Closure of Fraud Cases Reported to RBI

Banks shall close fraud cases using ‘Closure Module’ where the actions as stated below are complete:

1. The fraud cases pending with LEAs / Court are disposed off; and
2. The examination of staff accountability has been completed.

Banks are allowed, for limited statistical / reporting purposes, to close those reported fraud cases involving amount up to ₹1 crore, where examination of staff accountability and disciplinary action, if any, have been taken and:

1. The investigation is going on or charge-sheet has not been filed in the Court by LEA for more than three years from the date of registration of First Information Report (FIR); or
2. The charge-sheet is filed by the LEAs in trial court and the trial in the court has not commenced or is pending before the court for more than three years from the date of registration of FIR.

In all closure cases of reported frauds, banks shall maintain details of such cases for examination by auditors.

Cheque Related Frauds – Reporting to LEAs and RBI / NABARD

To ensure uniformity and avoid duplication, reporting of frauds involving forged instruments, including fake / forged instruments sent in clearing in respect of truncated instruments, shall continue to be done by the paying banker and not by the presenting banker. In such cases the presenting bank shall immediately handover the underlying instrument to the drawee / paying bank, as and when demanded, to enable them to inform LEAs for investigation and further action under law and to report the fraud to RBI.

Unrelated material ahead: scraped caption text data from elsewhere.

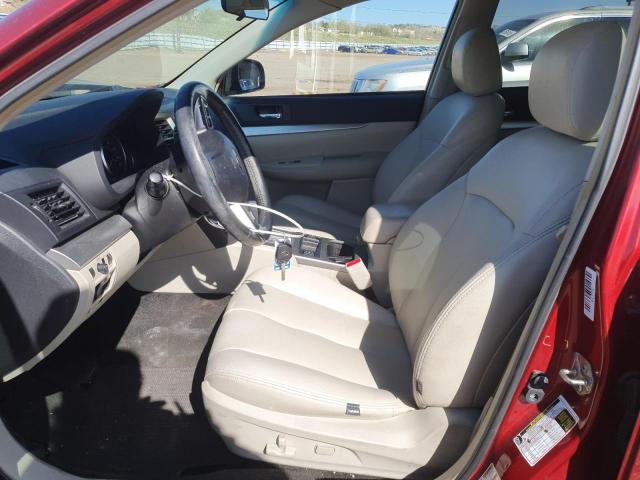  SUBARU OUTBACK 2014 Red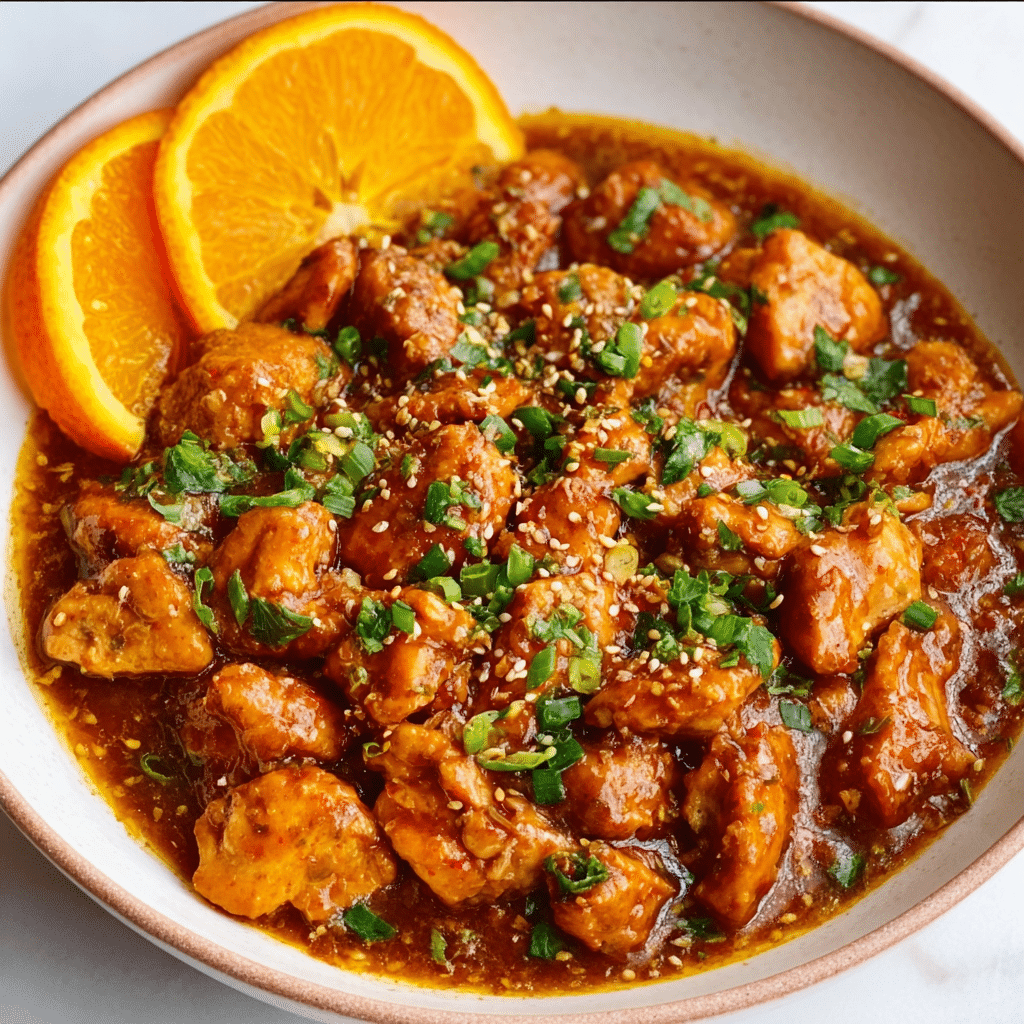 Slow Cooker Orange Chicken Recipe - Recipe Image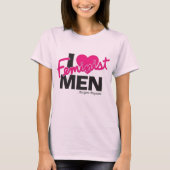 I Herz-feministische Männer… T-Shirt (Vorderseite)
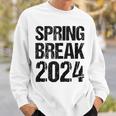 Vintage Spring Break 2024 Spring Break Teacher Sweatshirt Gifts for Him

However, in the case of presentment of an instrument which is genuine but payment has been made to a person who is not the true owner; or where the amount has been credited before realisation and subsequently the instrument is found to be fake / forged and returned by the paying bank, the presenting bank which is defrauded or is put to loss by paying the amount before realisation of the instrument shall file the fraud report with the RBI and inform the LEAs for investigation and further action under law.

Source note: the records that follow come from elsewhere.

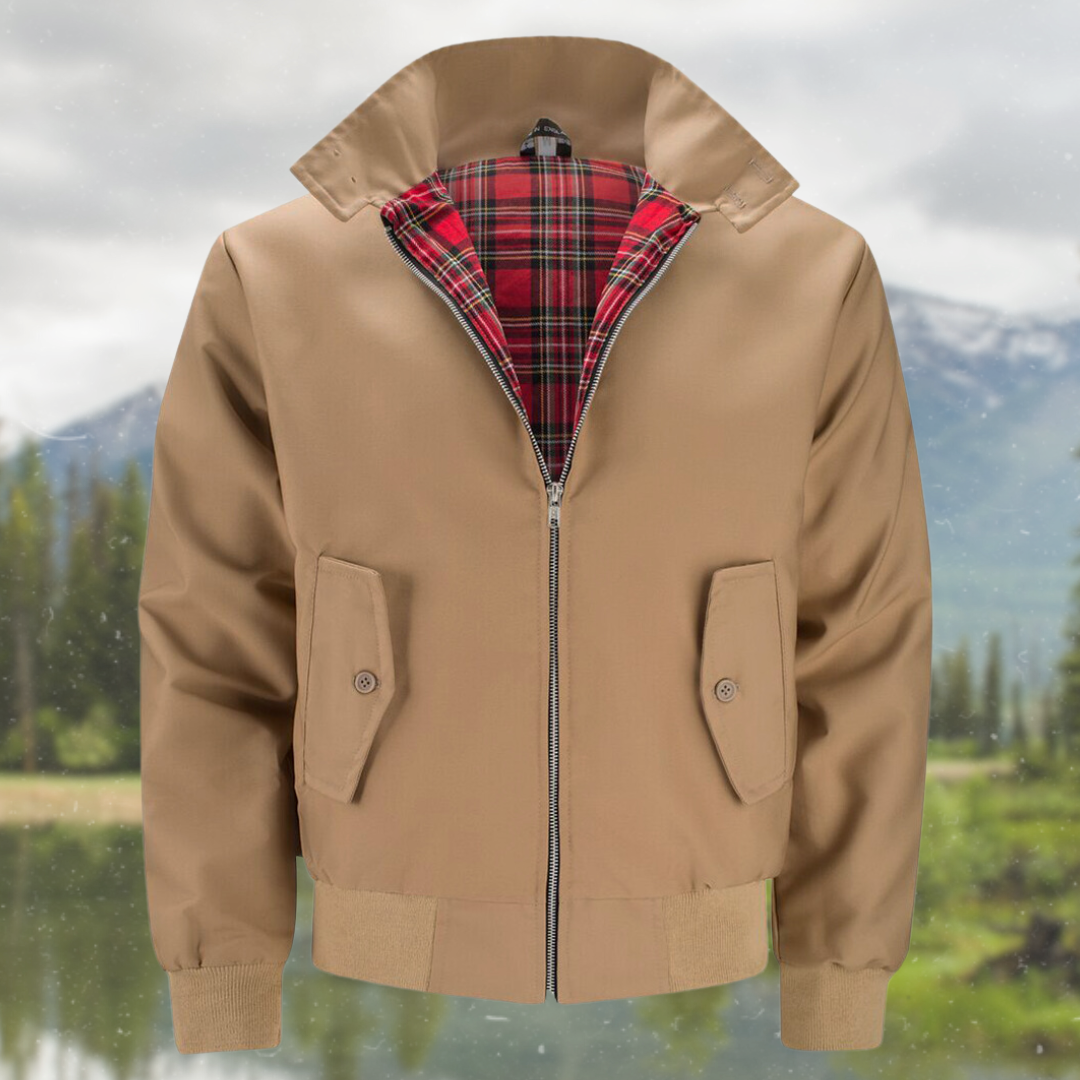 Heren Harrington-Jacke Casual Stijl 13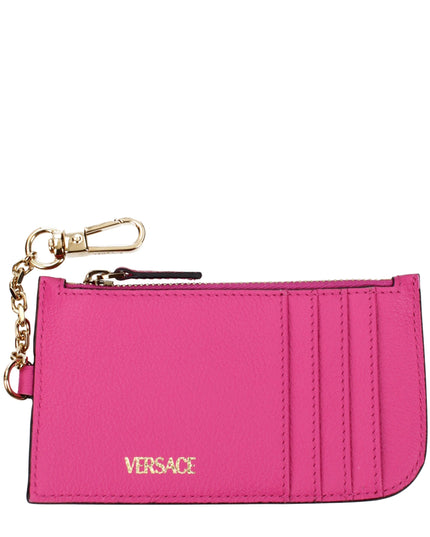 Versace Pink Leather Wallets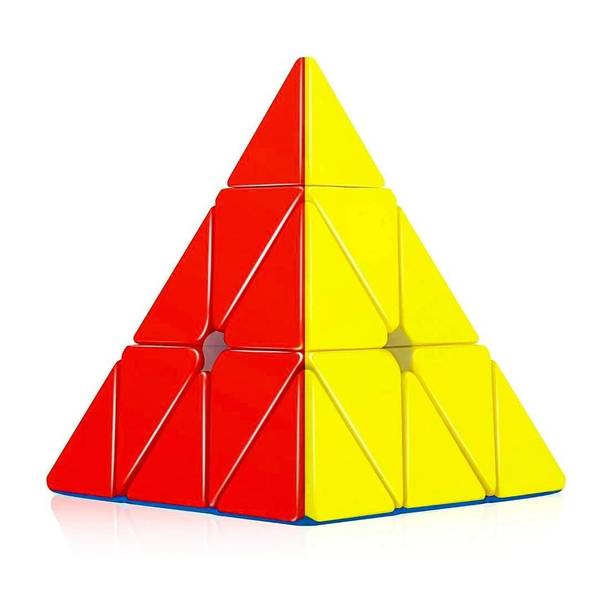 Sotnof Super Smooth Stickerless Triangle Pyramid Shape Magic Cube Toy puzzle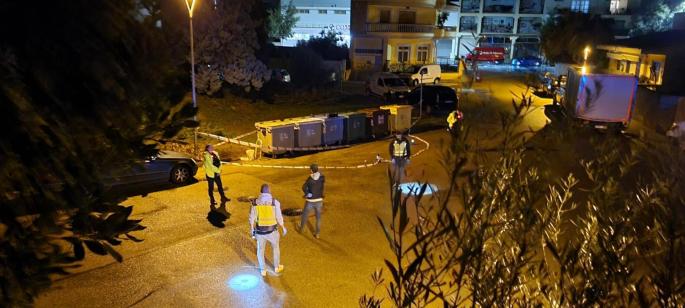 Scene of the discovery of a baby left in a rubbish container in Mallorca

Legal Audit of Title Documents in respect of Large Value Loan Accounts

Banks shall subject the title deeds and other related title documents in respect of all credit facilities of ₹5 crore and above to periodic legal audit and re-verification, till the loan is fully repaid.

Specific to Small Finance Banks, Local Area Banks and Regional Rural Banks, the threshold amount for periodic legal audit of title deeds and other related title documents shall continue to be ₹1 crore.

Treatment of Accounts classified as Fraud and sold to other Lenders / Asset Reconstruction Companies (ARCs)

Banks shall complete the investigation from fraud angle before transferring the loan account / credit facility to other lenders / ARCs. In cases where banks conclude that a fraud has been perpetrated in the account, they shall report it to RBI / NABARDbefore selling the accounts to other lenders / ARCs

‘Date of Occurrence’, ‘Date of Detection’ and ‘Date of Classification’ of Fraud – for the purpose of reporting under FMR

The ‘date of occurrence’ is the date when the actual misappropriation of funds has started taking place, or the event occurred, as evidenced / reported in the audit or other findings.

The ‘date of detection’ to be reported in FMR is the actual date when the fraud came to light in the concerned branch / audit / department, as the case may be, and not the date of approval by the competent authority of the bank.

The ‘date of classification’ is the date when due approval from the competent authority has been obtained for such classification, and the reasoned order is passed.

Reporting Cases of Theft, Burglary, Dacoity and Robbery

Banks shall report instances of theft, burglary, dacoity and robbery (including attempted cases), to Fraud Monitoring Group (FMG), Department of Supervision, Central Office, Reserve Bank of India, immediately (not later than seven days) from their occurrence. Banks shall also submit a quarterly Return (RBR) on theft, burglary, dacoity and robbery to RBI using online portal, covering all such cases during the quarter. This shall be submitted within 15 days from the end of the quarter to which it relates.